I saw this chart again on Stock Twits, an old favorite. It’s due to fellow Canadian Dr. Jean-Paul Rodrigue. The ramp, the “mania phase,” and the double top reminded me of the NASDAQ bubble I posted earlier.
A freehand chart like this is a good way to illustrate market psychology without being tied down by actual cases. I did the same thing when I presented the H&S pattern way back at the beginning of this blog.
I like the way Rodrigue’s chart shows an accumulation phase, then public attention, and finally reversion to the mean. Here is Dr. Flumiani’s chart, after Livermore:
Livermore applied this model to speculation in individual stocks, not (necessarily) the general market. We call his cylinder a “coil” today, both terms attributing a third dimension to the chart. Legend has it that Livermore went short at the top in 1929.
Both models are well supported by the dotcom crash, below.
Here we see a clear accumulation phase, just like Livermore’s cylinder, then consolidation below 2900. The gap up through 2900 and then the round number 3000 brought in the public, and set off the “mania” phase. All three charts have that second peak which is the final clue before the crash.

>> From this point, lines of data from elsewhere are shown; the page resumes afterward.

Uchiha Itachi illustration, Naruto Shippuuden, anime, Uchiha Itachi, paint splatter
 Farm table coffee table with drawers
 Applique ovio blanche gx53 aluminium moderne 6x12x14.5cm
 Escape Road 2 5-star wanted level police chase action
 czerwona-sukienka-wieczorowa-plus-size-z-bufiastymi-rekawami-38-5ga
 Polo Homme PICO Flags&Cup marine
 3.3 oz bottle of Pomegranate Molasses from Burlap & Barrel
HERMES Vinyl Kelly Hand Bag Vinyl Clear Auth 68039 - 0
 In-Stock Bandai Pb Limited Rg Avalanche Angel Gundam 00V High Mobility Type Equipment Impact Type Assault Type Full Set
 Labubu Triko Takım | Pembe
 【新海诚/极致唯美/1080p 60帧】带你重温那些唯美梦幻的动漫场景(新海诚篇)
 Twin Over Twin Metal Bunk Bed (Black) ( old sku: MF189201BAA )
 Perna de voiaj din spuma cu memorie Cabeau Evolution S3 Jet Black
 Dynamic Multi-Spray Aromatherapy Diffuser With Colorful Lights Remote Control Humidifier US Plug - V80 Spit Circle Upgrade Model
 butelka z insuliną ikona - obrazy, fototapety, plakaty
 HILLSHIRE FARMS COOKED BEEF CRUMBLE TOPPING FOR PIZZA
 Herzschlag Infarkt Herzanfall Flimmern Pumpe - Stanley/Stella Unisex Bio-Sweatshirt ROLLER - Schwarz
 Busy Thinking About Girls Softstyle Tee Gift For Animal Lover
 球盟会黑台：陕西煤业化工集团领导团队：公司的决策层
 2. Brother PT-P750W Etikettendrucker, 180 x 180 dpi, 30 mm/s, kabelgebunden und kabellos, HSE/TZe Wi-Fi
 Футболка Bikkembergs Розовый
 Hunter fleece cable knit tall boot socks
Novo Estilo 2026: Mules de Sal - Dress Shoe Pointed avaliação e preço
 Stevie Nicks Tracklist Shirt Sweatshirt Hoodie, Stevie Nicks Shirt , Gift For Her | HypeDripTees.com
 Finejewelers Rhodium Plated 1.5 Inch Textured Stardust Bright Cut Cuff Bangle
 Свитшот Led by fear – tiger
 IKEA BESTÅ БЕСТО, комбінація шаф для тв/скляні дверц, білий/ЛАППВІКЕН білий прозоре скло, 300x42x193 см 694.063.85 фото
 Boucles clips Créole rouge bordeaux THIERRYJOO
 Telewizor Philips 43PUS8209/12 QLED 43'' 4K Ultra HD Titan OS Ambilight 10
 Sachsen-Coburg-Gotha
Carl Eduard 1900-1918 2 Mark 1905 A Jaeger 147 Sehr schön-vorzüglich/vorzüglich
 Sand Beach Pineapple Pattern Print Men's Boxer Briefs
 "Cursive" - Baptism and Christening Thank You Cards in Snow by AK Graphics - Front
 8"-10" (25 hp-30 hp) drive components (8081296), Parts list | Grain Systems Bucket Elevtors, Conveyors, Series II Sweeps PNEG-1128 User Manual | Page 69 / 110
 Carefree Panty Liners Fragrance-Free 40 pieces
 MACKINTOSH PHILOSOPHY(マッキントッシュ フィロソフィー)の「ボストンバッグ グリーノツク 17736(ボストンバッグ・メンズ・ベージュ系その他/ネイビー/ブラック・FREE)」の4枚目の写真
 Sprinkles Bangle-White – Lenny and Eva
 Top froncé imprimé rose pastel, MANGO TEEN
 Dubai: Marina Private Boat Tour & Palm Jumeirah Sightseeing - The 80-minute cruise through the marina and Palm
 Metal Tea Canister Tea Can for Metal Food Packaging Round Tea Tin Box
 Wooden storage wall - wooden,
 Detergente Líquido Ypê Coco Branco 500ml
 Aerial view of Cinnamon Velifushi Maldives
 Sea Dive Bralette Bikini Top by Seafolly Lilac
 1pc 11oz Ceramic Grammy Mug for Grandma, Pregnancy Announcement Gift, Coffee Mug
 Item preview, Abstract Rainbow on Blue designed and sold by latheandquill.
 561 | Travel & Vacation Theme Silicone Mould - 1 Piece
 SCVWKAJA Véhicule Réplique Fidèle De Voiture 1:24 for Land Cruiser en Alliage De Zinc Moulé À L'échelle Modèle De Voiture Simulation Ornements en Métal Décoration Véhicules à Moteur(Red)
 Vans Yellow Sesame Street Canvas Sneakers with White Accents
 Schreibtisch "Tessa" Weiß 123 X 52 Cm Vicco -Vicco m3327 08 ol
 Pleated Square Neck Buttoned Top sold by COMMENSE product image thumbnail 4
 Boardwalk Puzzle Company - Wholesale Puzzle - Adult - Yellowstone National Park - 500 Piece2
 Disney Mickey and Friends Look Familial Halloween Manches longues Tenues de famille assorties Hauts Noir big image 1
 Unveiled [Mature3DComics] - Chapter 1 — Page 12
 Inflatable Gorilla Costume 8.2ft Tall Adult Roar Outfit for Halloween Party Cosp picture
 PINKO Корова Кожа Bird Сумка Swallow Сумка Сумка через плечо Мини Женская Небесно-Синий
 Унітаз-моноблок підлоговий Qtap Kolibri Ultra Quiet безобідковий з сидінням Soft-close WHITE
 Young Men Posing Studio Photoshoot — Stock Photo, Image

This is not a pattern I actually trade. Marcel Link, in his book, discusses the psychology of trying to catch singular events. I just put up the charts because they’re interesting. Tom McClellan has found a number of long term pattern analogues, like this one:
The first time I saw this chart, I thought it was nonsense. You can always line up today’s bull market with another bull market from the past, but Tom makes a pretty good case. I still don’t think it’s a guide for timing, though. If you want to do that, I recommend the O’Neil method or the ADX method I posted before.